Truth and Consequences, Deferred
What sort of punishment has been meted out to BP and other responsible parties so far? Very little that hasn’t been voluntary, though mostly pushed due to extreme public pressure and roiling anger. British Petroleum has paid nearly $4 billion dollars in clean-up costs and is currently facing a class-action lawsuit from over two hundred parties in the United States. In turn, BP is seeking litigation against manufacturers involved with the Deepwater Horizon rig, such as rig owner Transocean, cementer Halliburton, and blowout preventer manufacturer Cameron for an undisclosed sum.

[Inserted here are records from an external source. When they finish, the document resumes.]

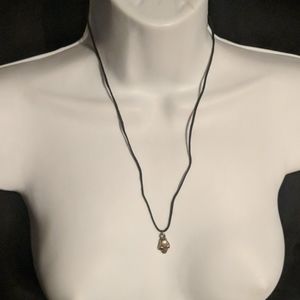 Vintage corded skull charm necklace
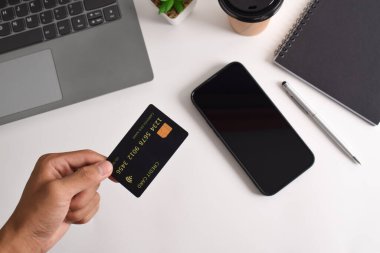 Ofis masasında el ele tutuşan kredi kartı, üst manzara. İnternet bankacılığı, ödeme, online alışveriş kavramı.
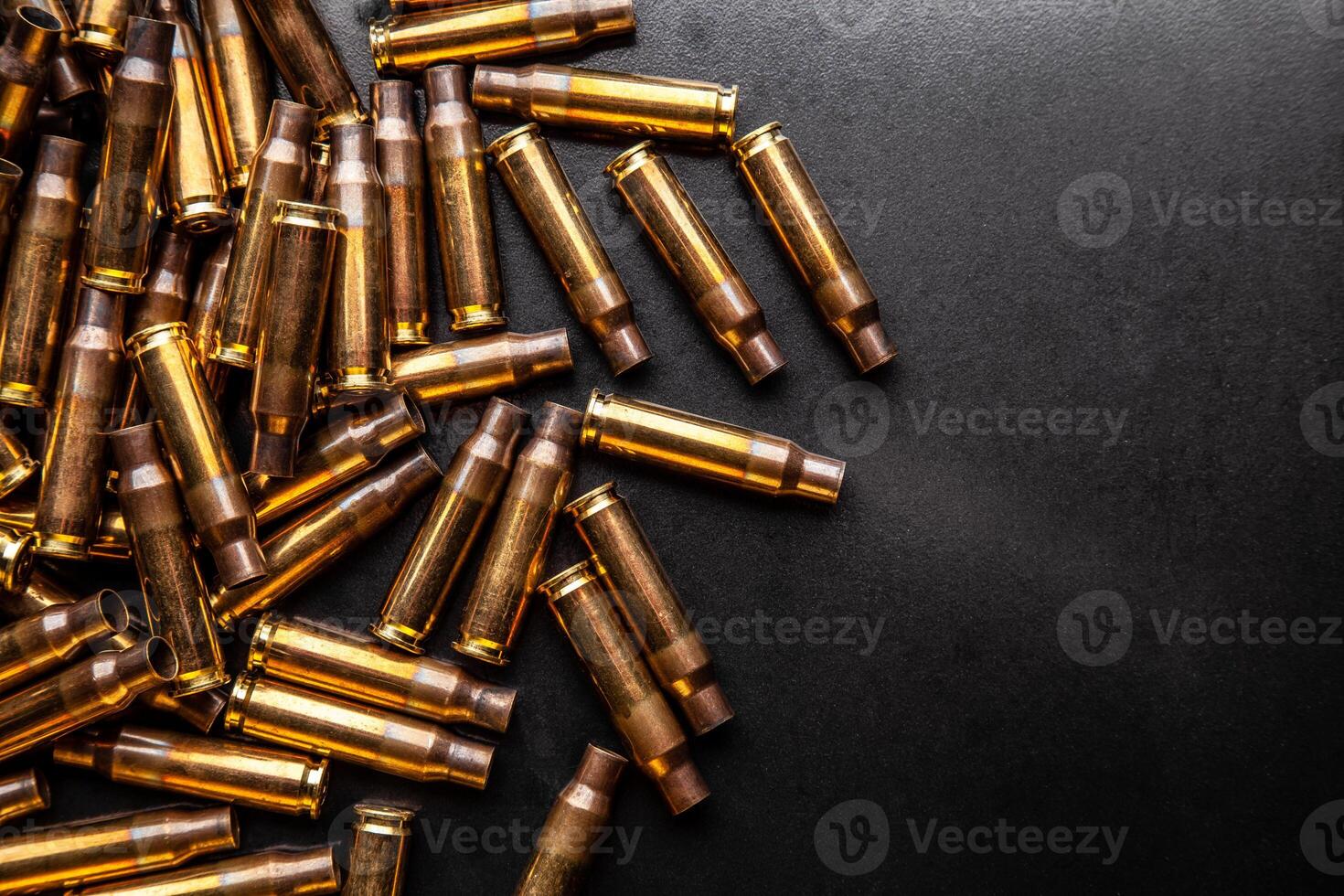Background from empty cartridges for rifles and carbines. Shiny brass shells scattered on the surface. photo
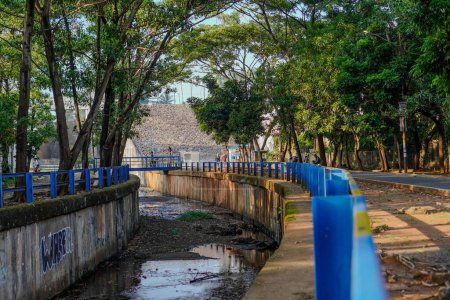 Téléchargez les photos : East Ciputat, South Tangerang, 19 décembre 2023 - Vue rapprochée de la clôture en fer qui sépare la rivière de la route qui longe la clôture - en image libre de droit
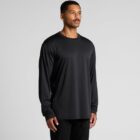 Man in a black long-sleeve shirt and pants looking to the side against a plain background.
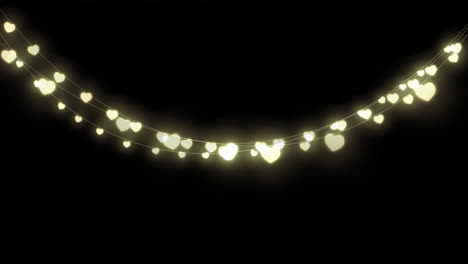 digital animation of decorative heart shaped fairy lights hanging against black background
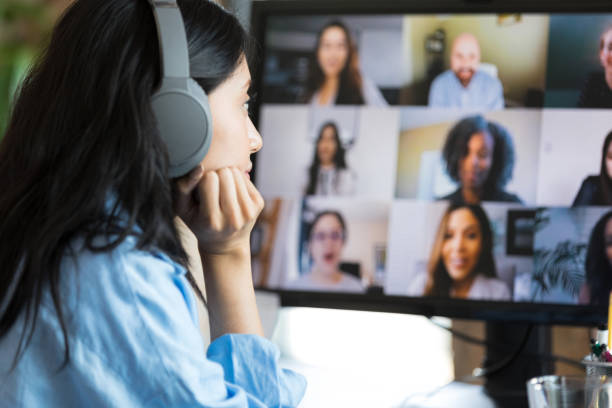 istock Bored female college student sits in front of computer screen 1350649463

In a suing sea, it seems that very little criminal charges have come forward, although most recently a BP engineer has been charged with deleting text messages about BP’s response to the disaster, to which he has plead not guilty. An ongoing court case between the United States Federal Government against British Petroleum has seen a small victory go out to the oil corp; Judge Carl Barbier has set a court date for January of 2013 rather than the summer court date preferred by the U.S. Government. This means that there is a significant chance of a settlement offer from the Feds instead of a lingering wait for the court case given that the incumbent President Obama is facing a crucial Presidential Election this November against Republican contender Mitt Romney.
Regardless of the continual damage being done to the Gulf economy and environment from this disaster and ongoing oil operations, there seems to be little sign of slowdown in the energy sector, nor the global thirst for black gold.